Enquanto eu discipulava alunos desta geração, eu me perguntava: Como eu posso comunicar o cristianismo, a formação espiritual e o crescimento a esta geração em uma linguagem significativa, ilustrativa e com conceitos que vão de encontro a suas questões e gere transformação?
Fatos versus Intimidade
A influência da filosofia Grega e do Iluminismo na Igreja rompeu com a prática da fé e nos deixou com categorias para conhecer sobre Deus e pouca informação sobre como podemos crescer em intimidade com Deus. Como Dallas Willard disse: “Nós trocamos o conhecimento, a experiência e a participação de Deus por uma doutrina sobre Ele. Nós substituímos as boas novas do reino de Deus como base e realidade para construir a vida, por um monte de crenças ditas por aí”.
Isto ignora o desenvolvimento do caráter, rompe com a transformação profunda e transmite a imagem de um Deus distante e arbitrário. Eu me dei conta de que precisava de uma maneira de começar a colocar os trilhos de volta no lugar, ajudar àqueles a quem eu discipulei a compreender o cristianismo e suas vidas de uma maneira que os transformasse. Eu precisava de uma maneira de facilitar o caminho desta geração em direção à intimidade com Deus, à maturidade, à comunidade e a uma vocação significativa. Descobri isso na meta-narrativa ou na história principal da Bíblia.
Setephen J. Nichols, presidente da Reformation Bible College compartilha de um sentimento bem parecido. Quando ele começou a ensinar teologia, ele rapidamente percebeu que seus alunos não estavam tão animados com o assunto quanto ele. Ele disse, “Eu falaria propriamente de teologia, Cristologia, pneumatologia, antropologia, hamartiologia, soteriologia, eclesiologia, angelologia e escatologia. Eles iriam simplesmente sair”.
Ele também se sentiu desencorajado quando percebeu que os alunos não estavam fazendo conexões enquanto progrediram pelo currículo. Ele ansiava por ver os alunos fazerem uma ligação ao que tinham aprendido anteriormente, ou seja, uma conexão entre o currículo e a vida. Ele concluiu que a maneira com que ele ensinava era a barreira destas conexões.

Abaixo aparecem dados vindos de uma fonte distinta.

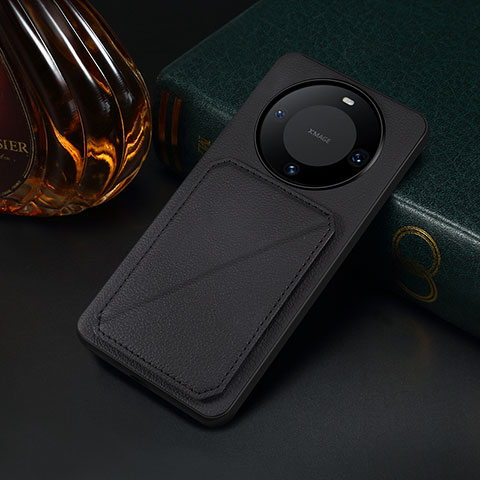 Coque Luxe Cuir Housse Etui MT4 pour Huawei Mate 60 Pro+ Plus Noir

“Mencione as categorias da teologia enciclopédica sistemática e as pessoas estarão perdidas. Teologias são uma linguagem de corporação, pela corporação e para a corporação. De modo inverso, mencione a criação, a queda, a redenção e a restauração e você estará falando uma linguagem de pessoas, pelas pessoas e para as pessoas”.

Cuidado, contadores de histórias!
Obviamente há críticas à narrativa teológica. Infelizmente algumas pessoas mudam da história para a aplicação sem se preocupar com a cultura, o contexto ou com a intenção original das escrituras. Isto pode ser abusivo da parte daqueles que querem mais compartilhar sobre suas crenças e opiniões pessoais, podendo levar a ensinamentos que são prejudiciais e não são bíblicos.
Defensores mais extremistas da teologia narrativa argumentam que a teologia mudou através da história, e que nós não deveríamos fazer nenhuma afirmação definitiva sobre nada. Eles dizem que nenhuma verdade absoluta pode ser conhecida, e que não devemos ser dogmáticos com relação à teologia. Até certo ponto eu concordo. Meu pai costumava dizer “O diferencial das pessoas piedosas, é que nós não nos damos ao luxo de sermos dogmáticos”.
Embora eu soubesse que estava implícito que nós seríamos dogmáticos sobre certas coisas. Deus é o criador; Deus é três em um; Jesus é completamente Deus e completamente homem; dentre outras coisas. Sem absolutismos, a igreja pode parecer muito mais com a cultura moderna do que com Cristo e a profunda comunhão. Ainda assim alguns elevam histórias e testemunhos pessoais ao nível de autoridade das Escrituras. Quando eu falo sobre teologia narrativa, não é isso que estou querendo dizer.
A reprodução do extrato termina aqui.